Refactoring Code for Flexibility (Prepping for Widgets)

Last updated on 2025-01-14 | Edit this page

Estimated time: 25 minutes

Overview

Questions

  • How does the current code need to change in order to incorporate widgets?
  • What aspects of the code need to change?
  • What does it mean to ‘refactor’ code?

Objectives

  • Learn about f-Strings
  • Learn how to adjust hard-coded values to be variable

We now have a working Streamlit app. However, it is only displaying one plot, and we can’t currently change what that plot is showing. And we know that there is a lot more information to visualize in our dataset! So we are going to add in even more interactivity with some widgets. Widgets are an interface for users to set a variable to some value. For example, we we may want users to choose from a drop down menu widget to control which continent is displayed. However, before we can add in widgets, we need to refactor our code to allow for more user flexiblity in what is displayed. Our code needs to be refactored to use variables instead of “hard-coded” values.

For now, we will set these variables (continent and metric in the code below) to be strings. That means that after refactoring, the app will not actually look any different. However, it will make adding the widgets in much easier - because we will assign those continent and metric variables to the widget output.

The app.py file is not a great place to experiment and iterate with our code. For that, let’s go back to our data_visualizations. ipynb Jupyter notebook.

We can add a markdown cell at the bottom of the notebook, and give this section a subtitle:

## Prep for widgets

f-Strings for variables within strings


First, let’s decide what attributes we want to be able to change in the plot. Right now, the plot is showing the GDP for countries in Oceania - that right there is two different attributes: the metric (GDP) and the continent (Oceania).

These are also the two attributes that we are filtering for using df.query():

PYTHON

df_gdp_o = df.query("continent=='Oceania' & metric=='gdpPercap'")

Notice that what is passed to df.query() is simply a string.
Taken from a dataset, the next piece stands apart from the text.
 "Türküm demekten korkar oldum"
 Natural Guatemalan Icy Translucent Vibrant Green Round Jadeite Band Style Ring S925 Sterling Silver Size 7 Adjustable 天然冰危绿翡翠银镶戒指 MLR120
Right now, the specific values of “Oceania” and “gdpPercap” are specified in the string. However, we can easily make these values variable using f-Strings.

learn more about f-Strings

f-Strings are the modern way of formatting strings in Python. You may have used the “old-school” methods of %-formatting or str.format() to accomplish the same goal, but the syntax for f-Strings is much nicer. You can learn more about f-Strings here.

To incorporate f-Strings into our query, let’s tweak a few things. Try out this code in a cell in your Jupyter Notebook.

PYTHON

continent = "Oceania"
metric = "gdpPercap"

old_query = "continent=='Oceania' & metric=='gdpPercap'"
new_query = f"continent=='{continent}' & metric=='{metric}'"

print(old_query)
print(new_query)

OUTPUT

continent=='Oceania' & metric=='gdpPercap'
continent=='Oceania' & metric=='gdpPercap'

Notice how the two strings are identical?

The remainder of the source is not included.